Lars Carlsson is a Veteran Makeup Artist and wigmaker of 15 years currently working at the Gothenburg Opera in Sweden. We recently interviewed Lars about the state of the industry outside the US and asked him about his fascination with wigs.

NE-FX: Before anything else, thanks for the interview, I understand congratulations are in order; you have joined the marriage ranks recently?

LC: Thank you! Yes, I did get married this summer to my wonderful Heather whom I met when I was travelling in New Zealand three years ago. And to make sure we got married properly we did it twice. First here in Sweden and then we also got a blessing in Devon, England where she comes from.

NE-FX: That's romantic.

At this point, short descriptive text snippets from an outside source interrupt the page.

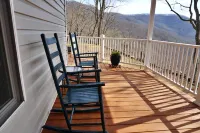 Whittier Mountain Hideaway w/ Breathtaking Views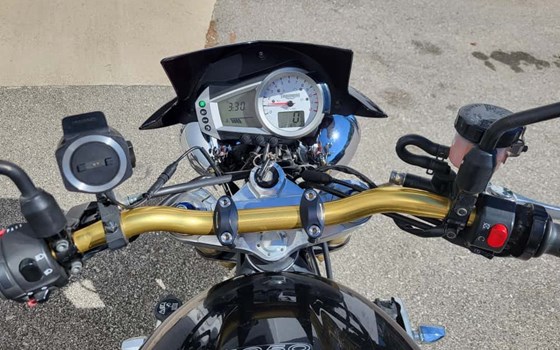 Gebrauchtmotorrad Triumph Speed Triple 1050 - Bild 4 Gebrauchtmotorrad Triumph Speed Triple 1050 - Bild 4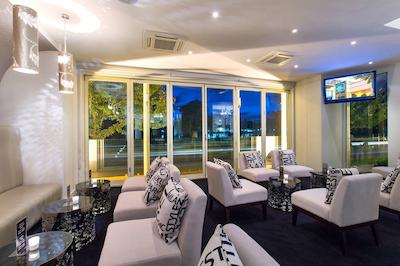 بست وسترن پلاس د کارینگتون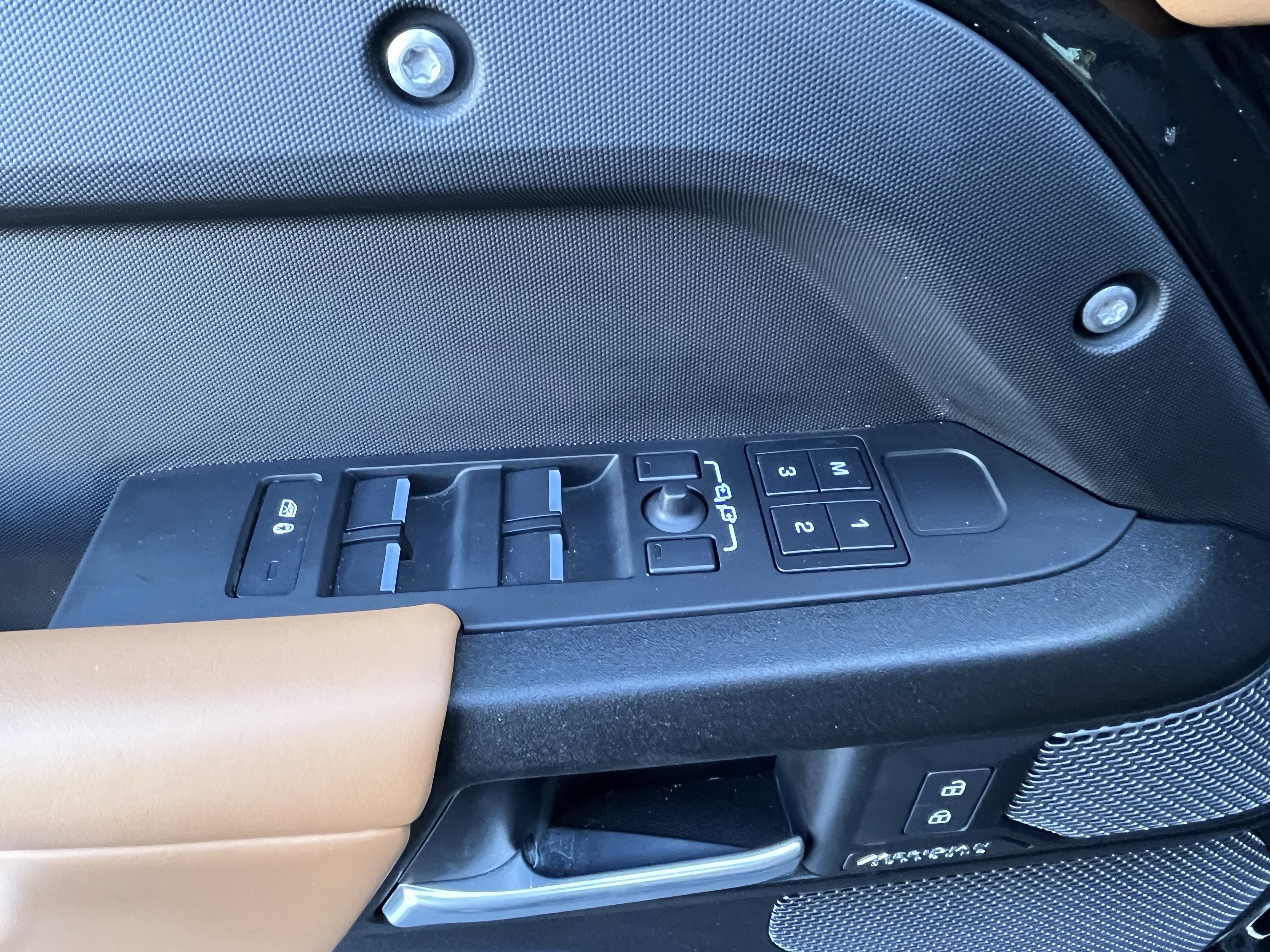 Used 2024 Land Rover Defender 110 V8 image 15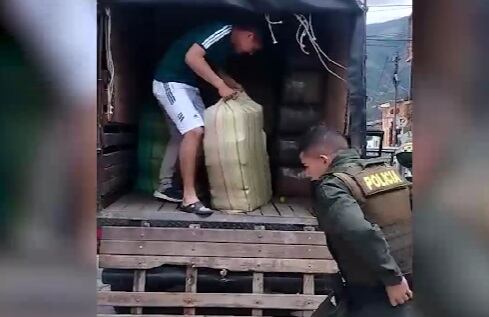 El camión era tan pequeño y el cargamento tan grande que no había forma de ocultarlo.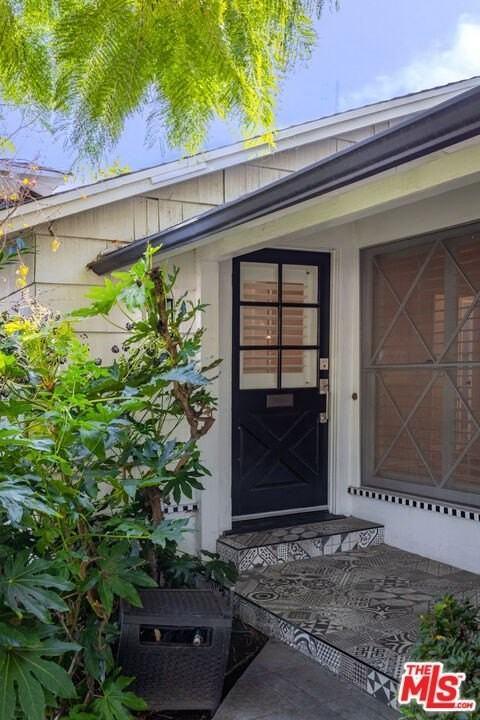 14006 Runnymede St - Photo 2 of 37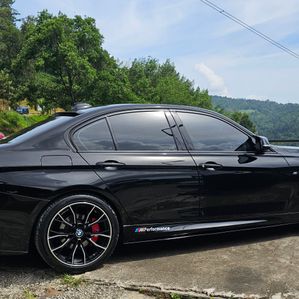 BMW 318i M3 Luxury Line 2019 - Image 3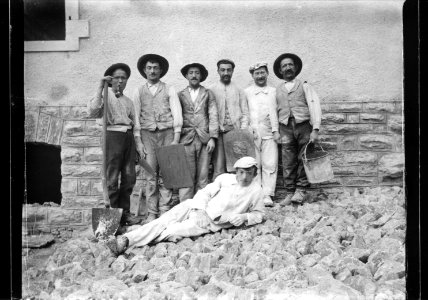 ArCJ - Hommes - 137 J 2972 a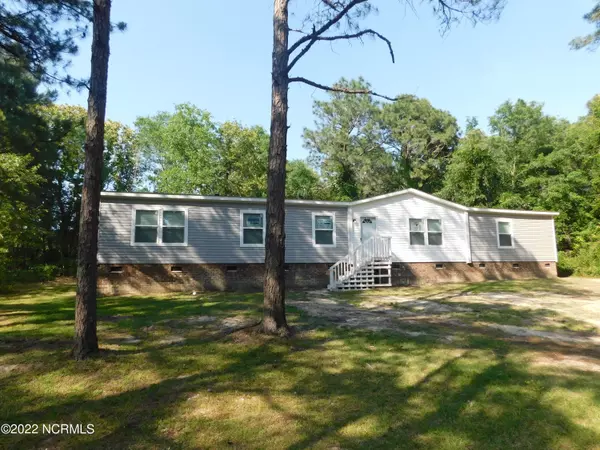 162 Mcarthur ST, Hamlet, NC 28345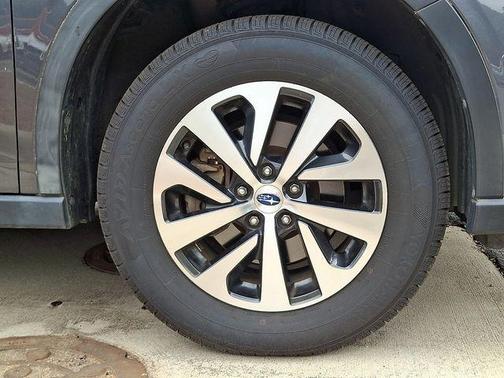Magnetite Gray Metallic 2021 Subaru Outback Premium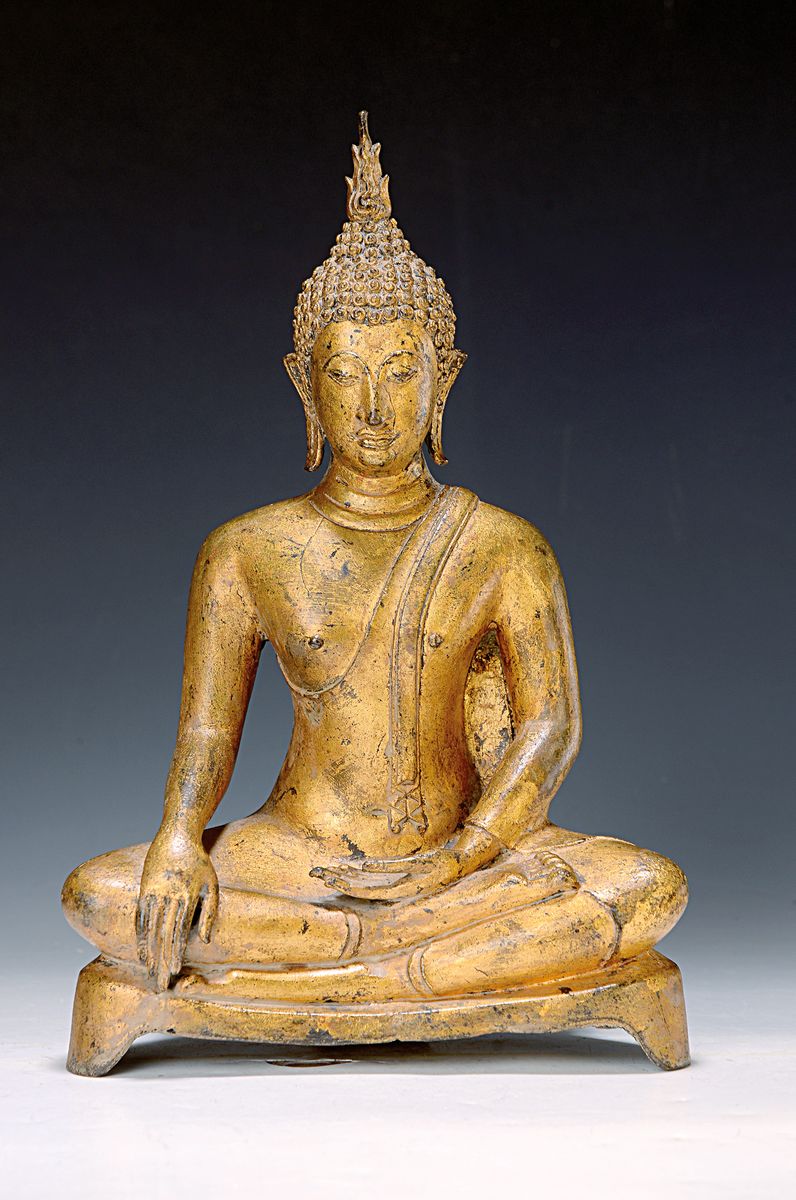 Sitzender Buddha, Thailand, 19. Jh., Rattanakosin Periode, Bronze, vergoldet, auf einem dreibeinigem Thron, Bhumisparsa und Dhyana Mudra, guter ...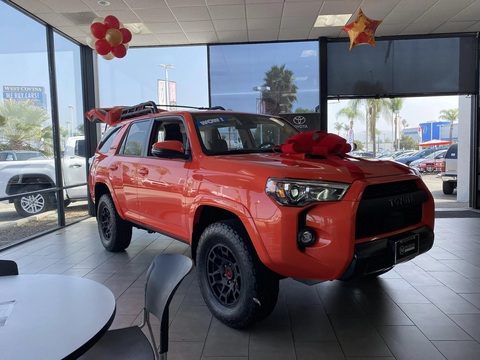 Sales Toyota kể chuyện: 'Niềm nở ngay cả khi khách mua xe hãng khác'- Ảnh 1. Để trở thành "vua doanh số", chỉ sản xuất ra những chiếc xe tốt thôi là chưa đủ. Các sales ô tô cũng đóng vai trò rất quan trọng - Ảnh minh họa: Reddit
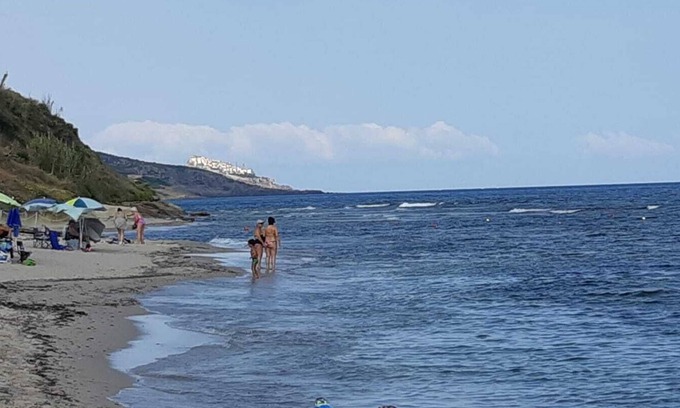 La Ciaccia Apartment | Villa Maria Three-room apartment with large garden near the sea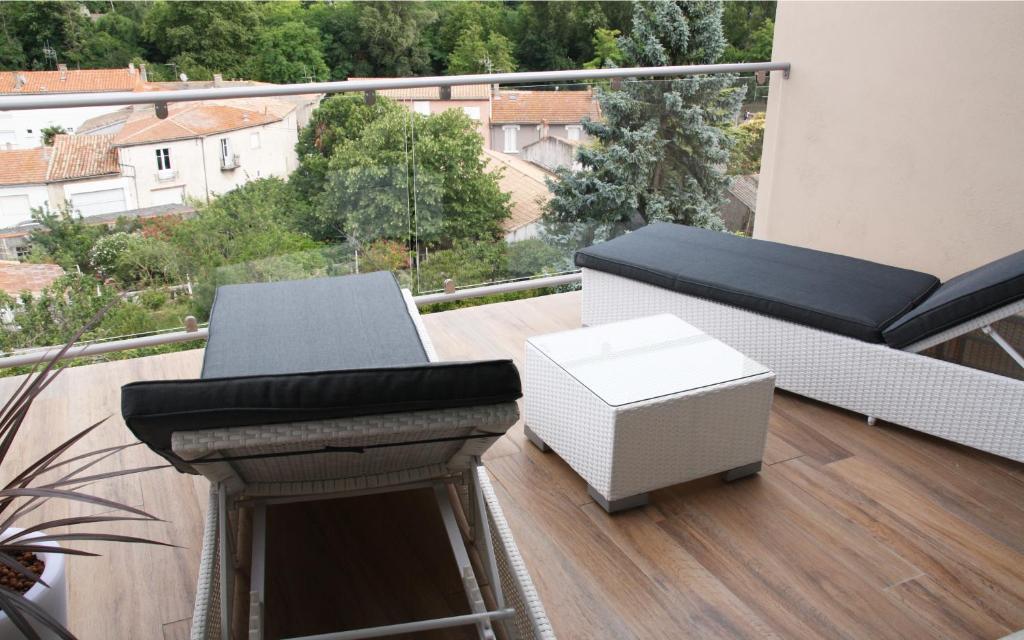 Les Suites Du Saint Nazaire - Les Balcons De La Cite Carcassonne Room photo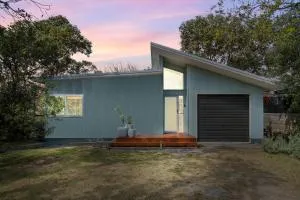 Cosy Getaway with Fireplace and Spacious Backyard - Mossy Point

Now I'm going to show how little I travel internationally...You live in Sweden, what is the make-up industry like there? And, how has it changed over the fifteen years or so you have been at it.

LC: For those of you who don't know, Sweden is a quite small country in the north part of Europe called Scandinavia. We are just a mere 9 million living here. The makeup industry have not changed a lot since I started. The things that has unfortunately changed is that a lot of theatres no longer can afford to have permanent staff. Films are still pretty boring. Everybody wants to be Ingemar Bergman, our biggest claim to fame in the movie world (Yawn!)

NE-FX: Whew!, 9 million, that's the population of New York City! It sounds like a very tight knit group of people that all know each other. Is networking important?

LC: Yep, here as everywhere else. Most of the jobs I get comes from meeting someone o­n a previous project. But now I have started to get more and more jobs from people who has seen my website.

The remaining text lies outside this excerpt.